Wednesday, October 27, 2010
the story of an asshole!
So today at lunch we put our stuff down and shit on our chair as usual so people wouldn't steal it but when we got back my chair was gone. They put my stuff on the table. So I went to the table next to me and said I'm stealing this chair and this asshole runs up to me screams NO and grabs the chair out of my hand .. so I'm like DAMN ASSHOLE! .. so after a few minutes Eeman got me a chair from the janitor. I sat down and was explaining the story to Jeannine but instead of using his name just said asshole. Then Eeman said really loud "ASSHOLE" and this guy turns around stands up and screams and walks to the table, in which he grabs my chair while I'm sitting on it. So i get up and i rip it out of his hands saying "ARE YOU SERIOUS!!?!?" hes like "bitch stop calling me asshole!" I was like "oh hell no! imaa call you whatever I want" and hes like " Bitch stop being full of yourself, you whore!" then decided to sit down cause i scared him, so i turned around with a fight bitch face on and said "at least I'm hot enough to be a whore!... ASSHOLE!" .... this shits going down .. last time he tries to get in my way again .. wat a dumb ass! he didnt stand a fucken chance against me!!! <3
Wednesday, October 13, 2010
stress
Stress would be the word that I would choose to describe my life today. This year, this month, this day, its all stress. I'm sick, have math (i need to pass), ACT's next week, college shit, and I'm falling for him again. No I can't fall, he still loves sarah. God why am i even writing about this? I know no one reads this, but still I shouldnt love him. After all hes the one who hurts hurt me, but hes also the one who fixed me, the one who when I kiss everything feels perfect, and when I'm in his arms, I feel safe. Maybe Love just is avoiding me? I mean how could I feel so much for one person, when they hardly feel the same about me? Thats just pathetic. I gave liz permission to go out with bobby whose my ex. I don't feel bad about it at all, I'm just worried that it will change things. Ever since she and him started dating (this past week) I feel like shes hardly talked to me, but I think maybe I'm just being paranoid. I just .. maybe won't txt her till she texts me just incase and well .. i guess we'll get to see how long it takes her to notice ive crawled into a corner. Ive been feeling all alone as it is :/ I don't know what to do with myself anymore. I dont want to be sad, I want to be happy and feel loved and shit. Maybe, am I trying too hard? I have no idea, all i know is that I love things I shouldn't and feel things I shouldn't :x
Wednesday, October 6, 2010
senior year sucks tyduygikuhiu
I just got back from london and scotland (which was amazing), but to be with my mom for that long, I'm going crazy.

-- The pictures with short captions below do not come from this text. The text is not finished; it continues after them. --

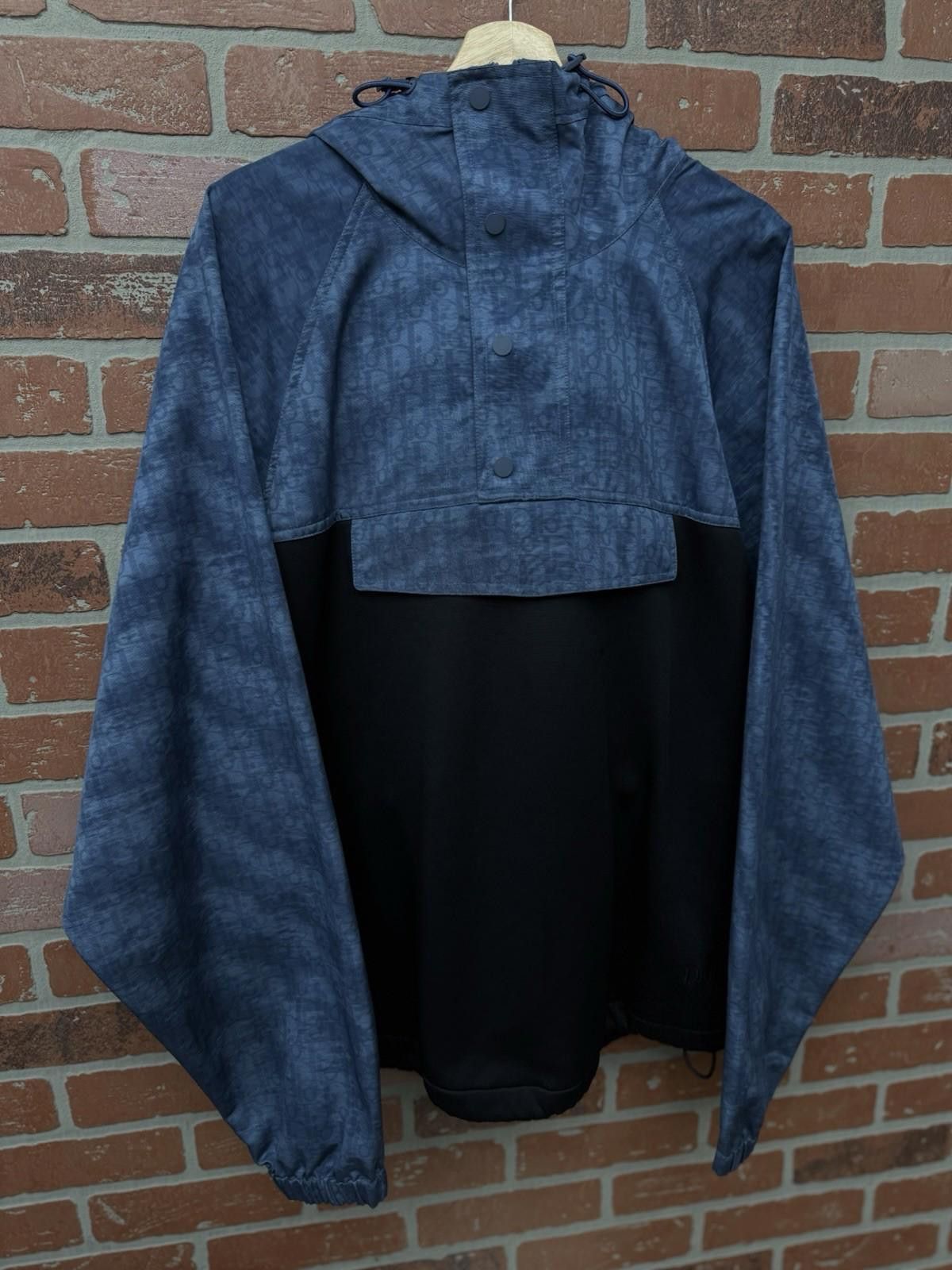 Dior Dior Hooded Anorak Windbreaker Jacket Blue Black Size 3XL Size US XXL / EU 58 / 5 - 2 Thumbnail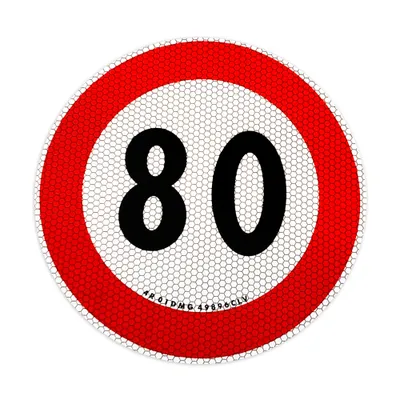 Produktbild von Kennzeichnung Geschwindigkeitsbegrenzung 80 km/h EU-zugelassen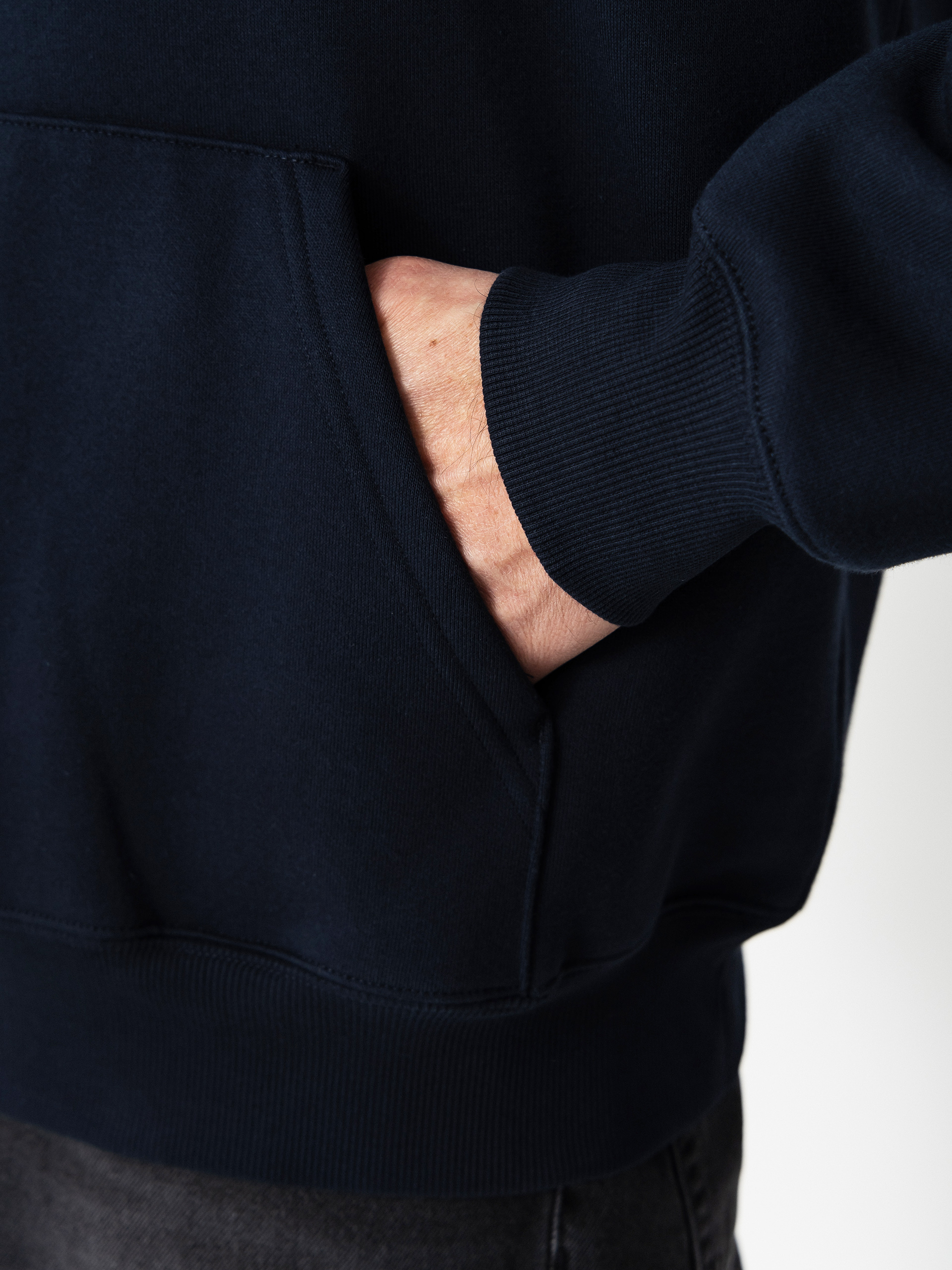 Mikina s kapucňou Carhartt WIP Carhartt HD (deep night/gentle green)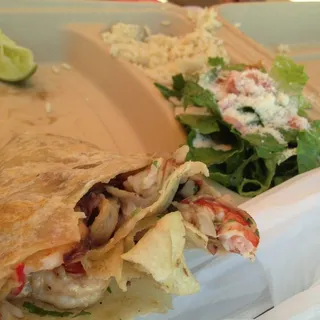 Seafood Burrito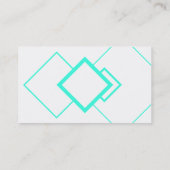 青および白いダイヤモンドのポートレートの名刺 名刺 (裏面)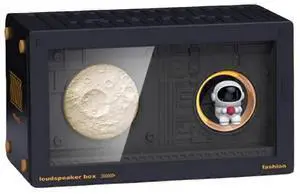 Ecocleanpath Astronaut Bluetooth Speaker with Bass & Lights - Mini Gift for Girls & Kids (Black) Ecocleanpath Astronaut Bluetooth Speaker with Bass & Lights - Mini Gift for Girls & Kids (Black)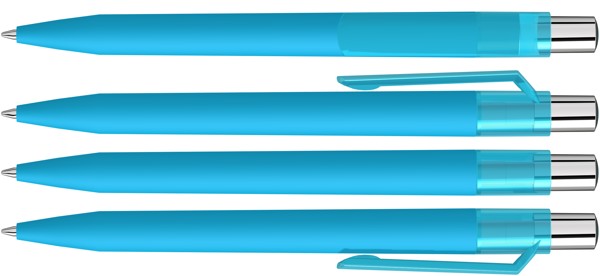 ON TOP K transparent SI GUM - cyan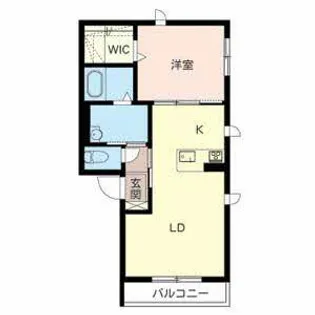 ル・パン北田辺【0202号室】の間取り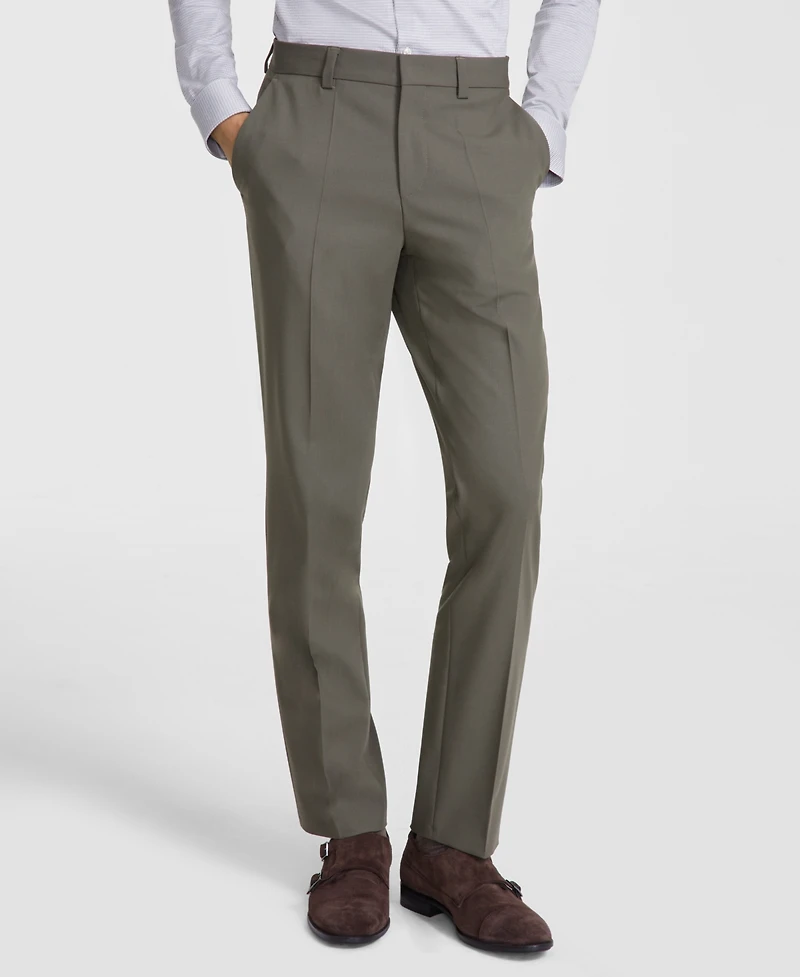 Hugo by Boss Men's Modern-Fit Solid Suit Separate Pants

And apparently every one has decided to yell at me for no reason .. which is just great. I feel numb, hopeless, hurt, broken, a failure, i feel like I'm drowning. Like I want to punch something cause cutting isn't even an option anymore. Sarah and John broke up .. which is .. idk .. i want to make sure hes ok and everything and he deserves better than sarah definately. But I also know hes my type, he fixed me before Liz, he was the only person I told about cutting and showed them scars and felt comfortable with him after only a week or two of meeting him. Hes amazing and I don't really know how I feel right now .. I could go for it and just see what happens . but that could ruin our friendship ,.. or i could just do nothing. But either way Imma wait a lil bit because hes going through stuff right now. I'm failing every class as of right now. Every class .. how the fuck does one person accomplish all of that? I'm a failure, and my nose is big. Last night I woke up at 4 am to blood all over my arm, face, sheets. Turns out it was a horrible nose bleed .. scared me .. triggered me to cutting, but i refuse .. i wont do it .. i want to be sane, clean, healthy for the people around me. But now I'm not suicidal or anything, but what does it matter if im here ... would anyone but lizz really be effected? i mean john and i are best friends, but i probably love him more than he loves me .. so would anyone care ? or would people all pretend to care because you know people want to have known the person who died ... to be recognized and sympathized. Sarah is not my friend anymore .. but she did tell me one important thing .. dont let senior year get the best of you .. but thats exactly wats going on .. she told me not to, but she never told me how.
im breaking .. and no one even notices .. no one cares.
im breaking .. and no one even notices .. no one cares.